* **Exercise objective**: Having found the line containing "1793280258461.png" in the records below, copy that line and each later one exactly, dropping pictures.

* **Data for review**:
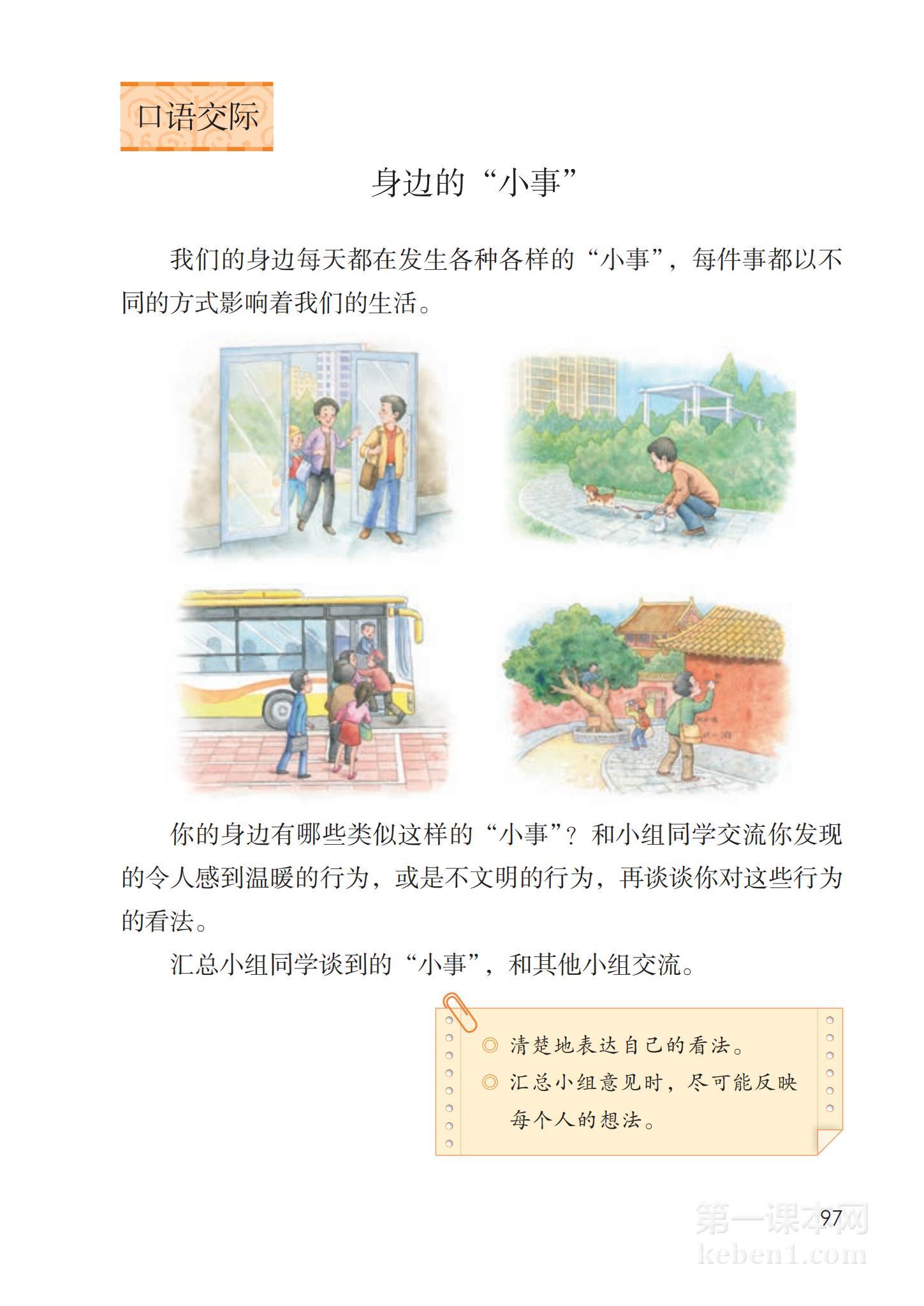 三年级部编版语文上册电子课本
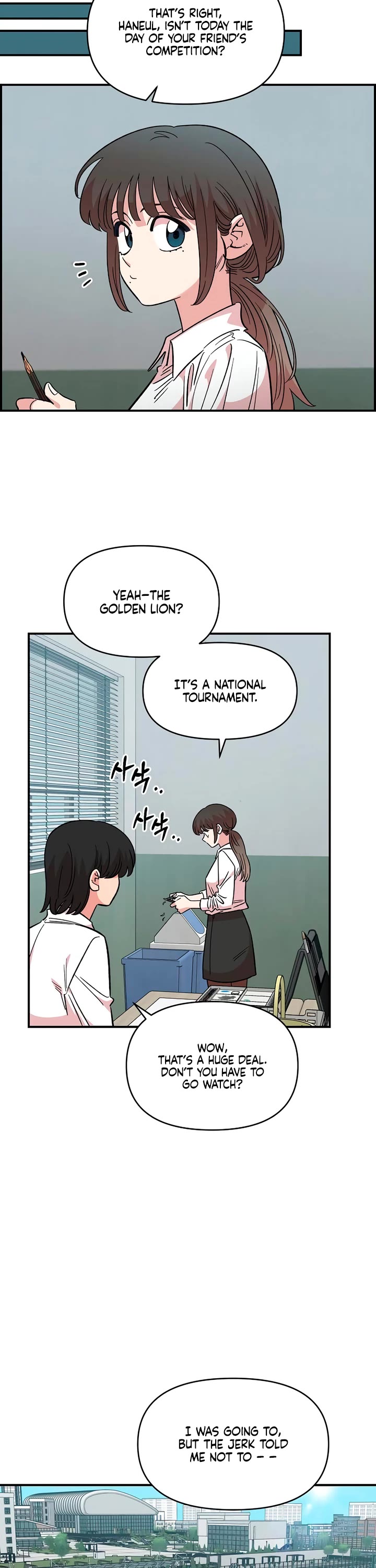 Read Childhood Friend Complex Manga Online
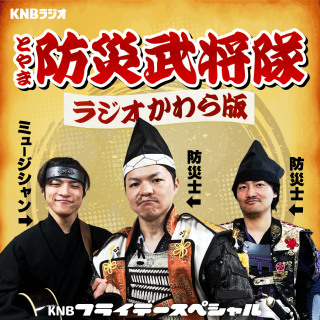 とやま防災武将隊　ラジオかわら版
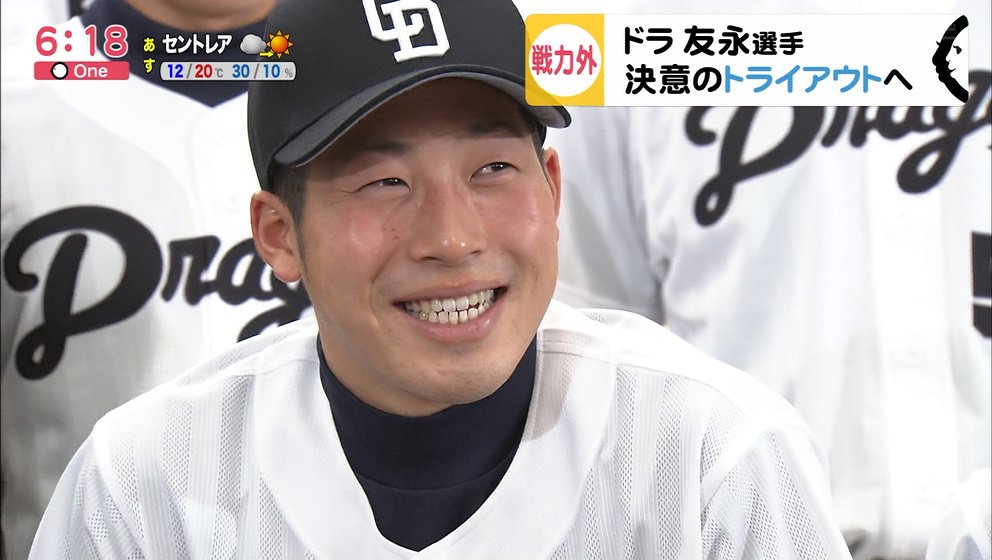 ゆうのす 元ドラゴンズ友永選手 トライアウトまでの密着の様子が東海テレビ Oneで放送されていました T Co Jaftnnih2g Twitter ゆうのす 元ドラゴンズ友永選手 トライアウトまでの密着の様子が東海テレビ Oneで放送されていました T Co Jaftnnih2g Twitter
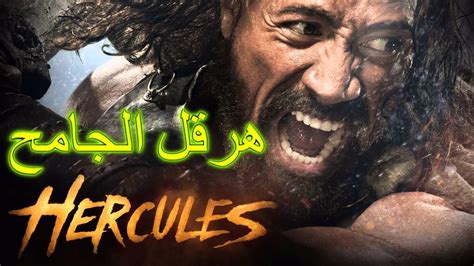 أقوى أفلام القتال و المغامرة فيلم هرقل مترجم و جودة عالية Hercules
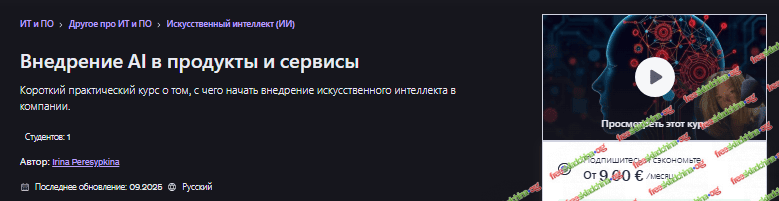 1793280258461.png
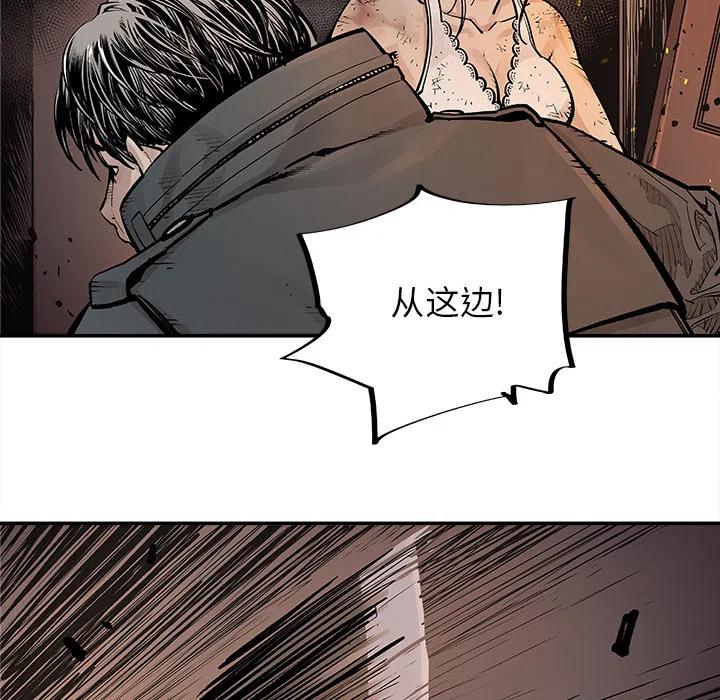 《邪恶血统》11 第32页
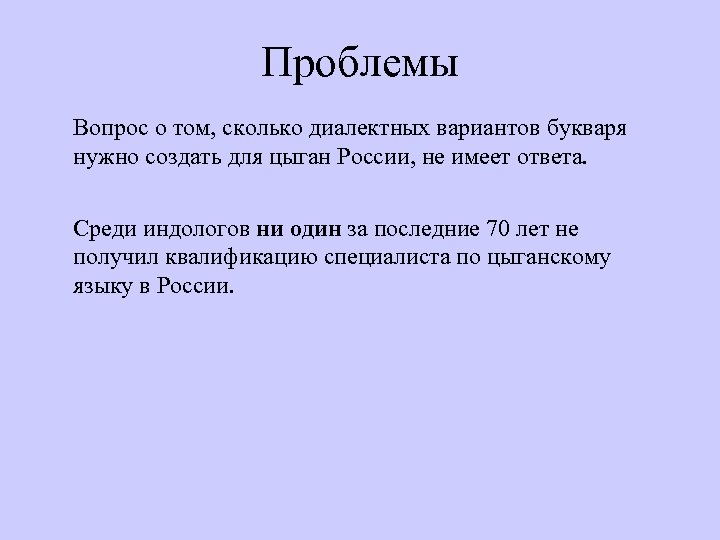 Проблемы Вопрос о том, сколько диалектных вариантов букваря нужно создать для цыган России, не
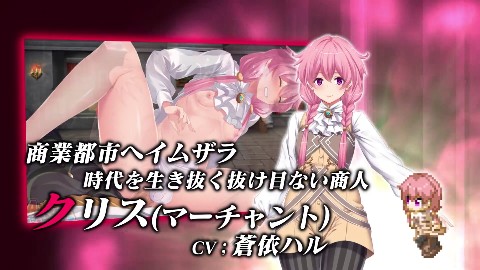 煌星のヴィクトリアーズ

* **Answer for this exercise**:
 1793280258461.png
 《邪恶血统》11 第32页
 Проблемы Вопрос о том, сколько диалектных вариантов букваря нужно создать для цыган России, не
 煌星のヴィクトリアーズ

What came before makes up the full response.